Whitley suffers through each school year in order to make it to the summer- her only time with her father. Now that she has graduated, this summer is even more exciting. It is a chance to hang out with her dad, make cocktails, and relax, as opposed to the misery of living with her mother where her mom ignores her most of the time and only acknowledges her existence to complain about her father. At her last big graduation party, Whitley gives in to her drunken state and meets a guy who she wakes up next to the next morning. He was fun, and certainly good looking, but she is moving on from this place, and she doesn't plan on looking back.

When she gets to her father's place, she quickly realizes things have changed. He moved out of his condo and into a house, and he is engaged. For her father, who goes through girlfriends so fast Whitley doesn't even bother to learn their names, this is a huge development. But even worse, her dad's fiance has two kids. And despite the odds, that new stepbrother-to-be just happens to be the boy from the party the week before! As if things couldn't be any worse, Whitley is now going to be related to her latest hookup.

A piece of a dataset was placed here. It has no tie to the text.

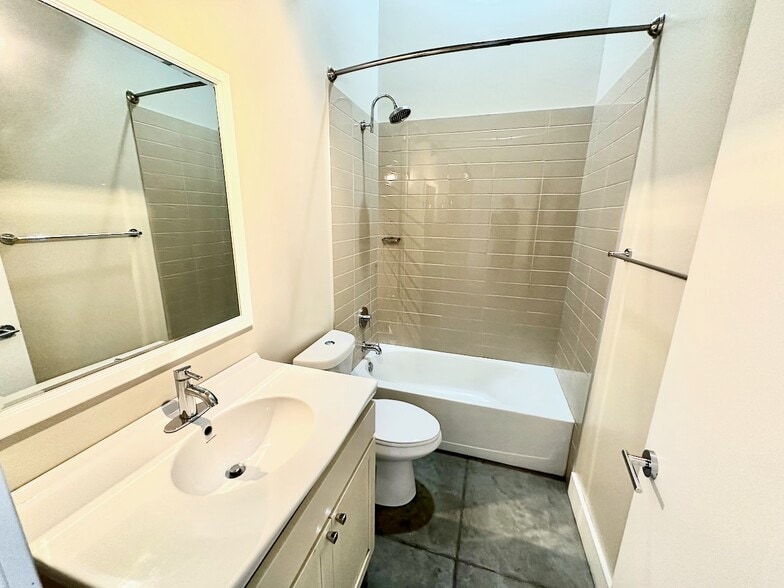 More Photos Of 4432-4434 Olive St, Saint Louis Apartments For Sale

To drown her miseries in this fresh hell she has found herself in, Whitley submerges herself in the local parties and the local nameless boys. She doesn't care what their names are or who they are because they are just a good distraction, but when that distraction starts to have consequences, Whitley starts to see the ugly side of her reputation. She used to just enjoy the perks of all the male attention it garnered, but now the attention has gotten ugly, and borderline scary. But the one man she wants to notice her has no problem ignoring her for the entire summer- her father. And nothing she has done has gotten his attention. Yet.

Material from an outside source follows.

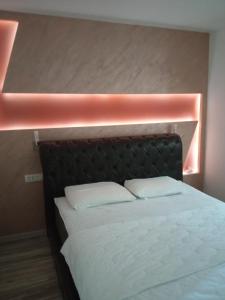 1 dormitorio con 1 cama con luz roja encima en House with pool - Mitrovic en Herceg-Novi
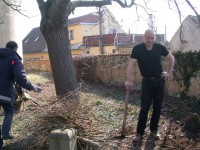 /album/fotogalerie-dobrovolna-akce-jarni-uklid-kolem-svarovskeho-kostela-sv-lukase/brigada-21-3-2015-kostel-svarov-006-jpg1/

This is the third book I have read by Keplinger, and I continue to be amazed by her candid writing style that puts the BS aside and focuses on the topics young adults really want to talk about. She isn't afraid to say things adults might be taken aback by or uncomfortable with, because her books aren't for adults- they are for the same teens they are written about. I find it a beautifully honest way to write and applaud Keplinger for sticking to her target audience with brutal honesty. I am sure most people will say these books are appropriate only for older teens because of the sexual content and alcohol use, but I challenge that premise by saying it is a candid picture of teen life that might make some teens think twice or at least encourage them to think differently about their lives and the lives of the people around them.

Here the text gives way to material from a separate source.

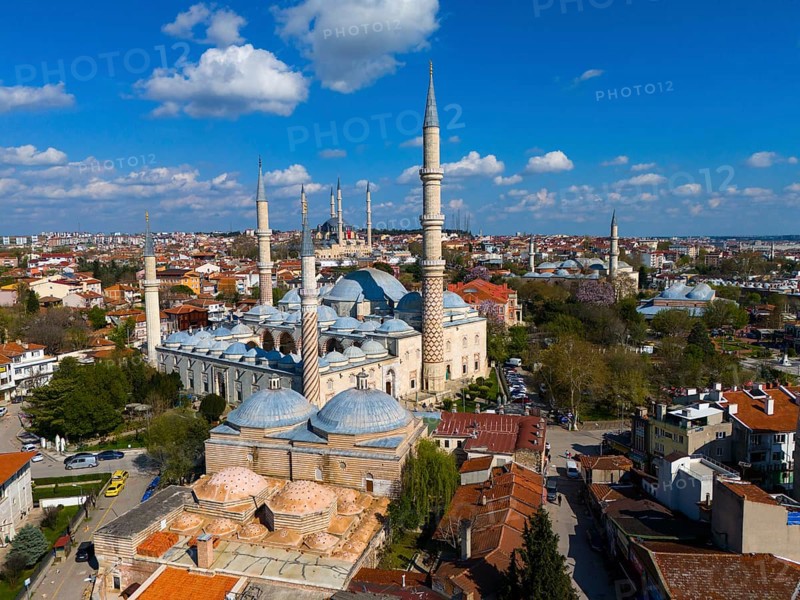 Large mosque with several minarets in an extensive urban landscape, aerial view, Mosque, Üç-Serefeli Mosque, Üç Serefeli Cami' Three Balcony Mosque, Edirne, Eastern Thrace, Turkey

This book dealt with some hard situations, but the idea of being labeled a slut and publicly humiliated via social media was hard to bear witness to. Therefore, it should make you, the reader, uncomfortable. And the idea of a girl acting out, resorting to alcohol and bad decisions with boys to get her absentee parents to acknowledge her existence? That is the hardest thing to watch because you know how often it happens. Whitley certainly has a chip on her shoulder, and her selfishness is hard to reconcile with, but she is just the kind of flawed heroine we find ourselves relating to. This is another important book from Keplinger that tells the stories you might be too uncomfortable to tell to your teenaged girl. Keplinger isn't afraid to say what everyone is thinking, and I am grateful to have her books out there in the YA universe because of that fearlessness.